◆ TASK BRIEF
Print the records below exactly, from the line containing "Set of 5 Oil" down to the line containing "Large Format Auto-feed", both lines included, and omit every picture.

(DATASET begins)

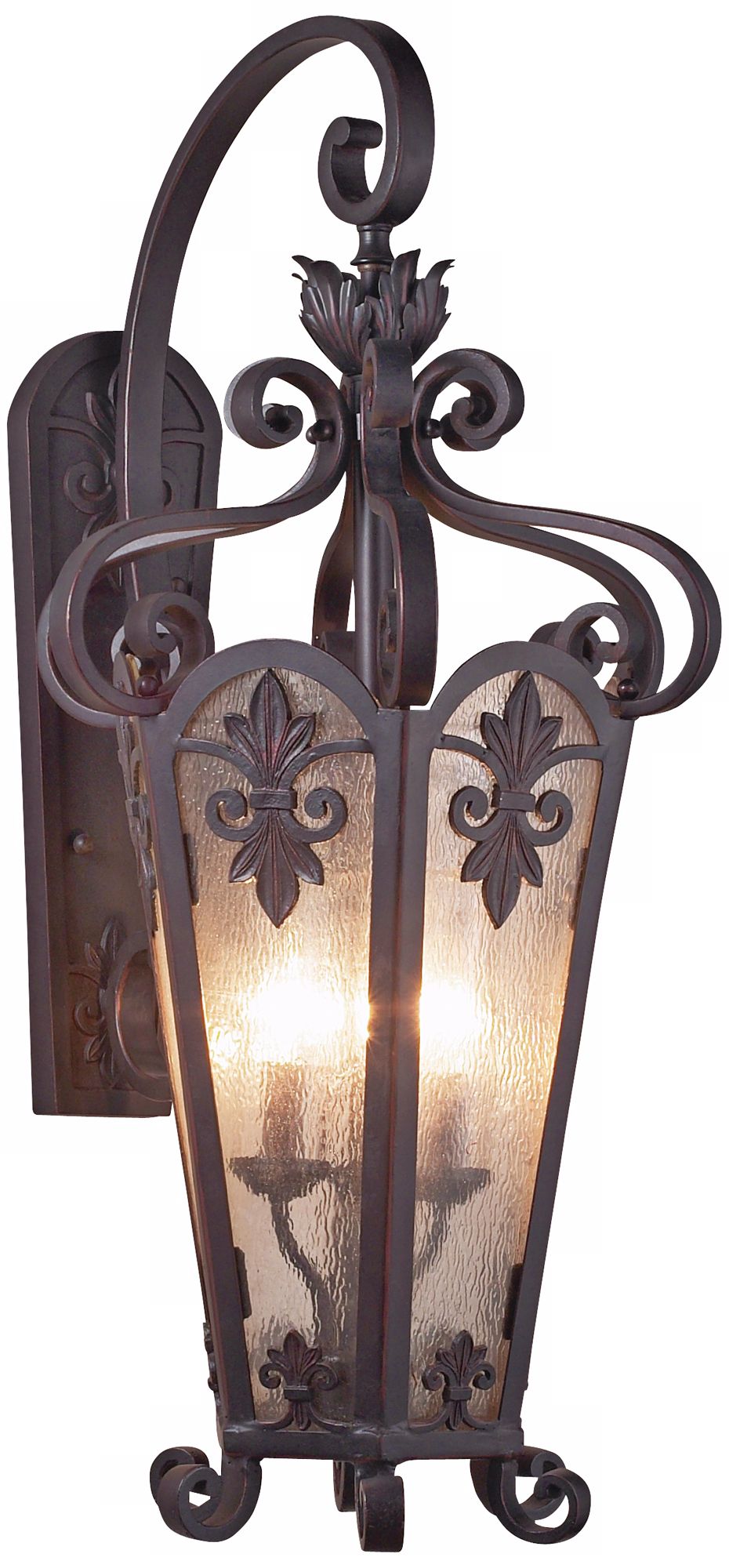 Lonsdale 15 1/2" Wide Antique Sable Outdoor Wall Light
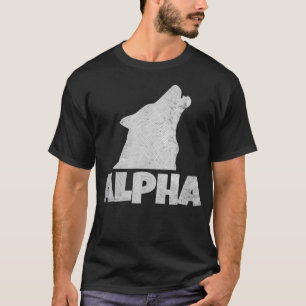 Alpha Lone Wolf  Pack Member Wildlife Howling  T-Shirt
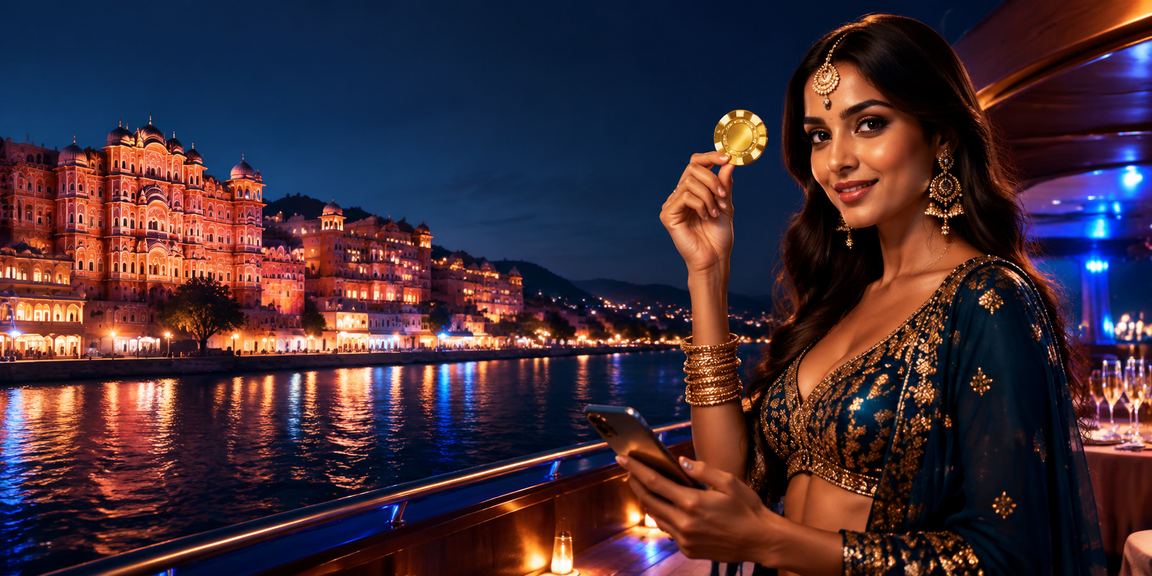 VIP member enjoying exclusive casino bonus event in Jaipur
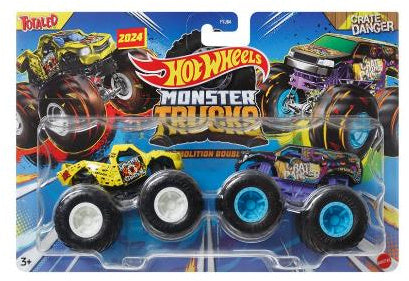 H/W MONSTER TRUCKS 1:64 2 PACK ASSTD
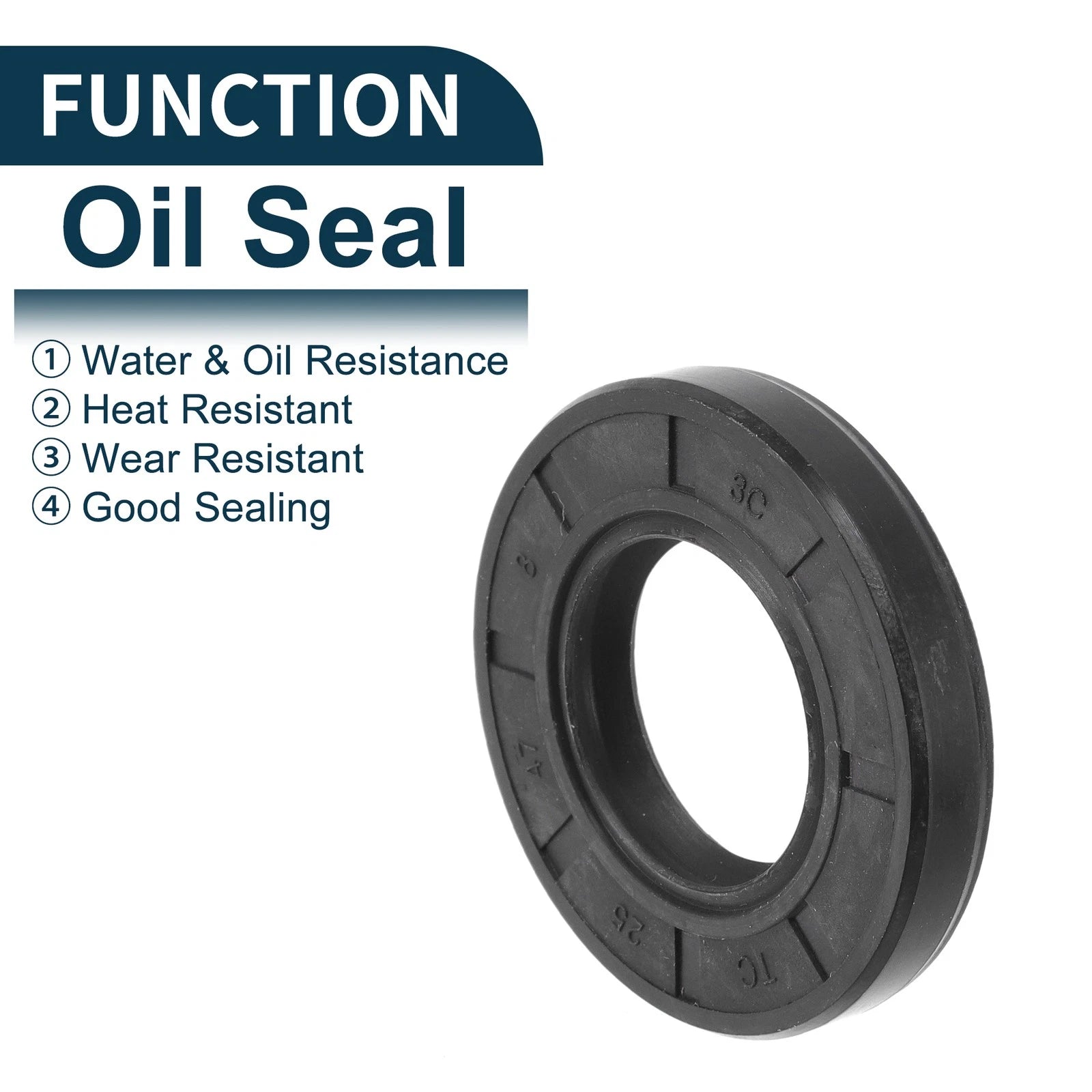 Set of 5 Oil Seal Rotary Shaft Seal NBR Rubber 25x47x8mm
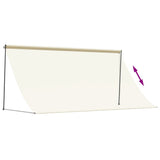 Retractable Awning Cream 300x150 cm Fabric and Steel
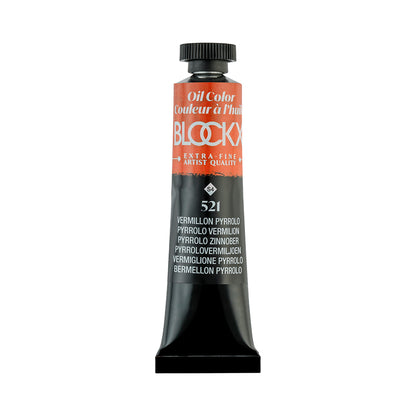 BLOCKX Premium Extra-Fine Oils Tube 20ml Pyrrolo Vermilion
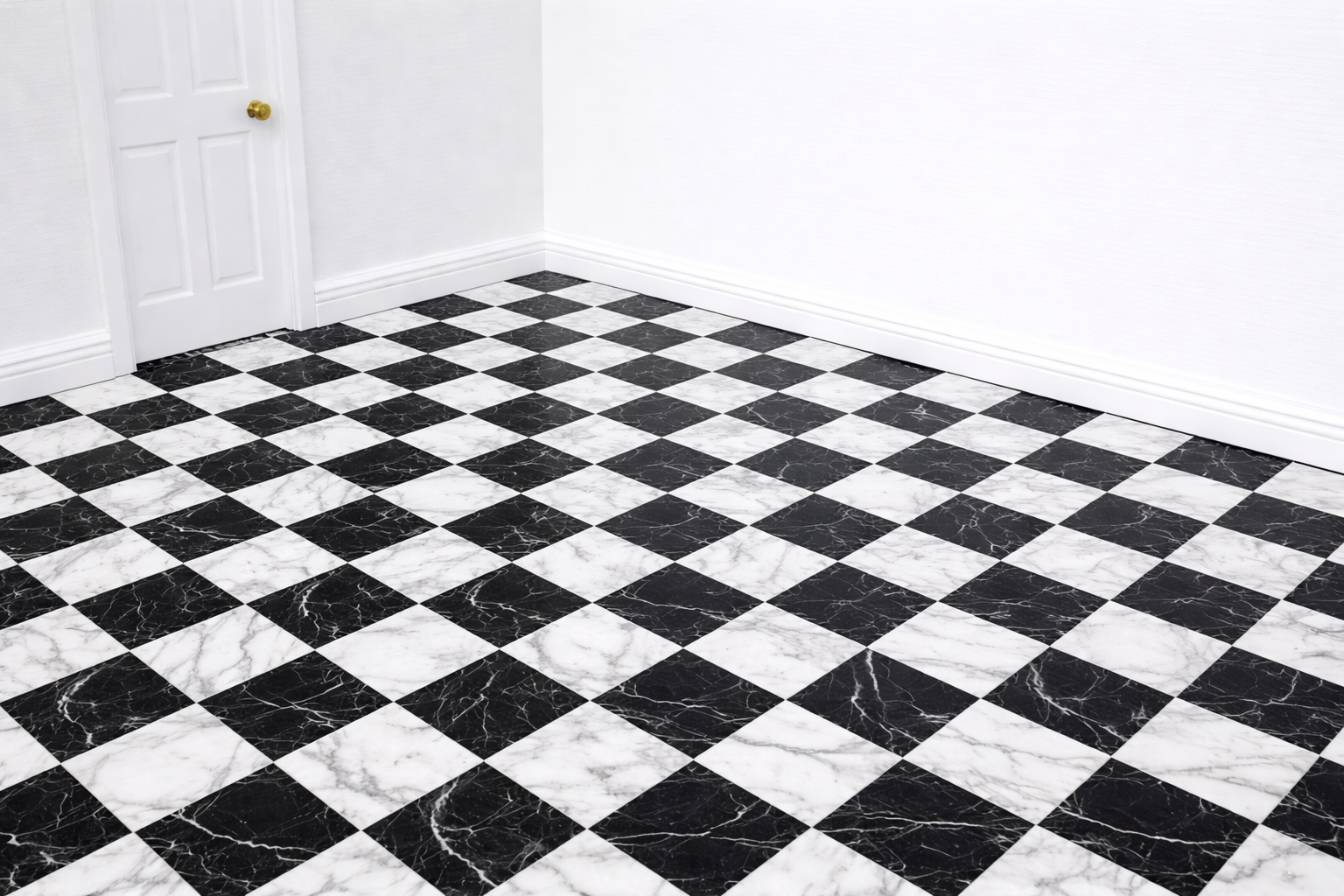 1:12 Scale Dolls House Miniature – Marble/Granite Effect Flooring Sheets x2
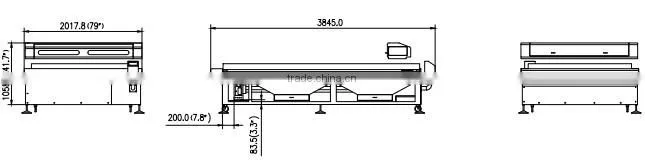 Large Format Auto-feed Laser Cutting Machine BCL-BA/auto feeding laser engraver & cutting machine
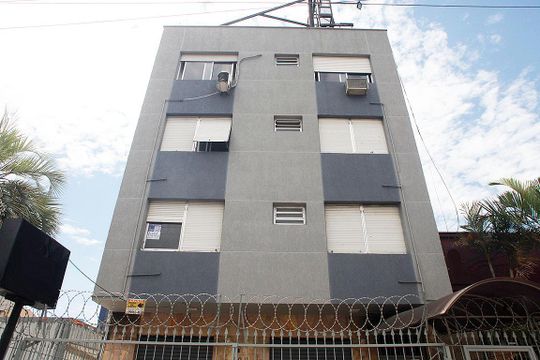 Fachada de apartamento à venda com 2 quartos, 57m² em Praia de Belas, Porto Alegre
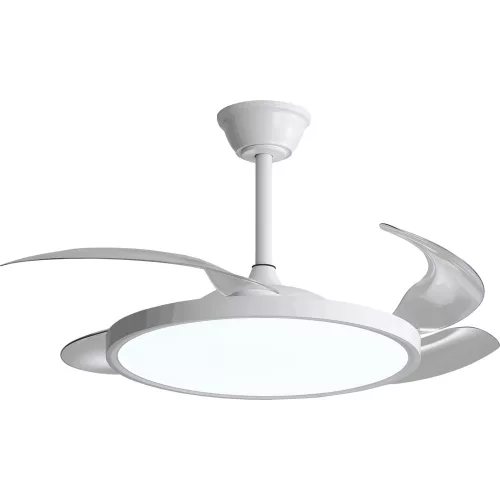 LED de tavan ventilator 36w/3CCT alb slim + telecomandă , dimmabil , 2880 lm , Optonica , 19104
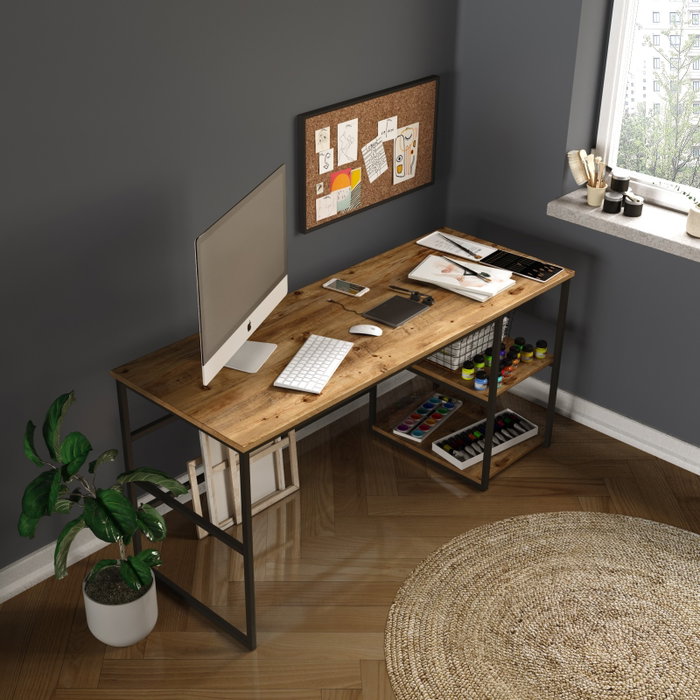 Hanah Home Vg28-A Mesa de Estudio Pino Atlántico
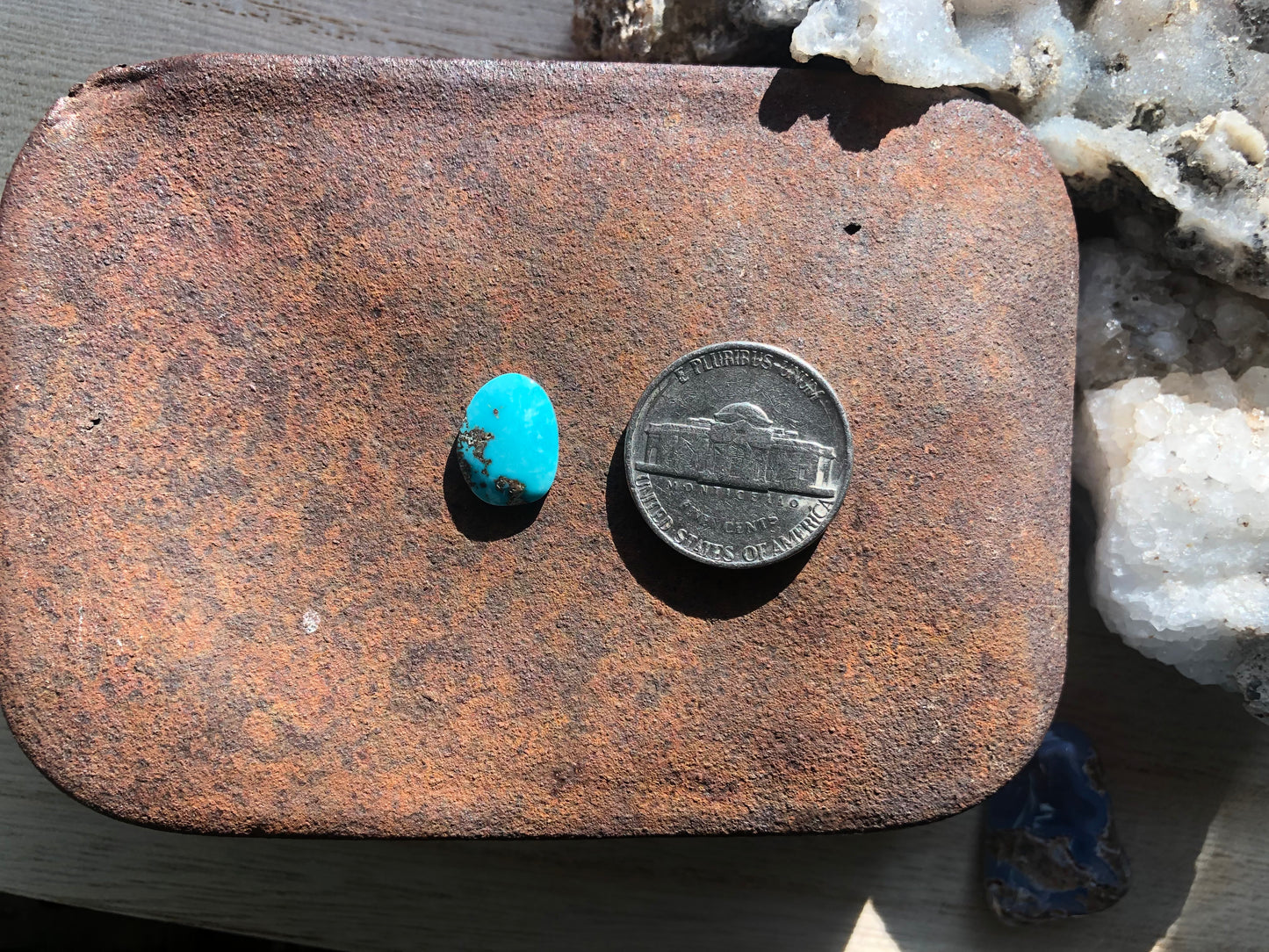 Natural Turquoise Cabochon - Silver Fox Mine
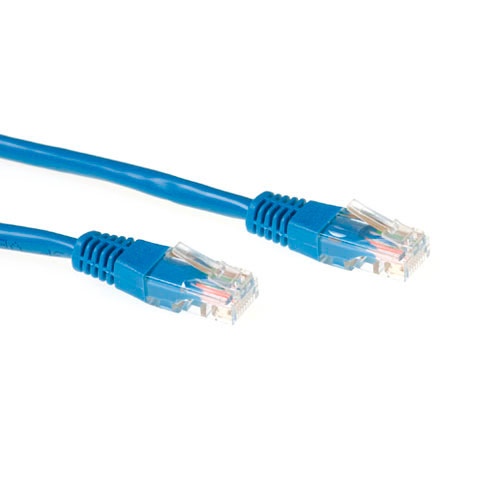 Ewent IM5600 U UTP CAT5E Patchkabel CCA Blauw 50 cm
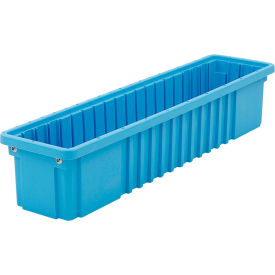Static Dissipative Polypropylene Tote, 26-1/4"L x 6-1/4"W x 5"H, Blue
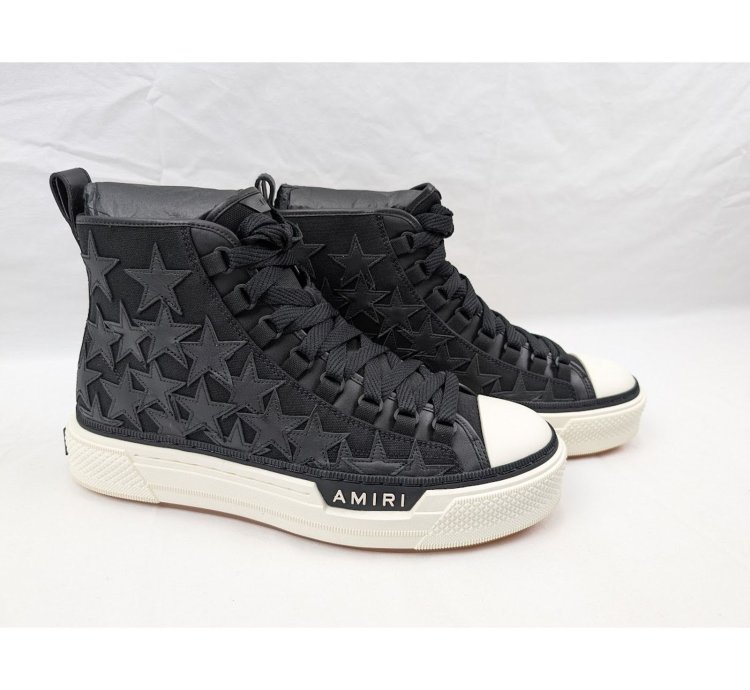 O1rshd1 Stars Court Hi-top Sneakers In Black White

(DATASET ends)

◆ ANSWER SECTION
 Set of 5 Oil Seal Rotary Shaft Seal NBR Rubber 25x47x8mm
 Retractable Awning Cream 300x150 cm Fabric and Steel
 BLOCKX Premium Extra-Fine Oils Tube 20ml Pyrrolo Vermilion
 1:12 Scale Dolls House Miniature – Marble/Granite Effect Flooring Sheets x2
 Large Format Auto-feed Laser Cutting Machine BCL-BA/auto feeding laser engraver & cutting machine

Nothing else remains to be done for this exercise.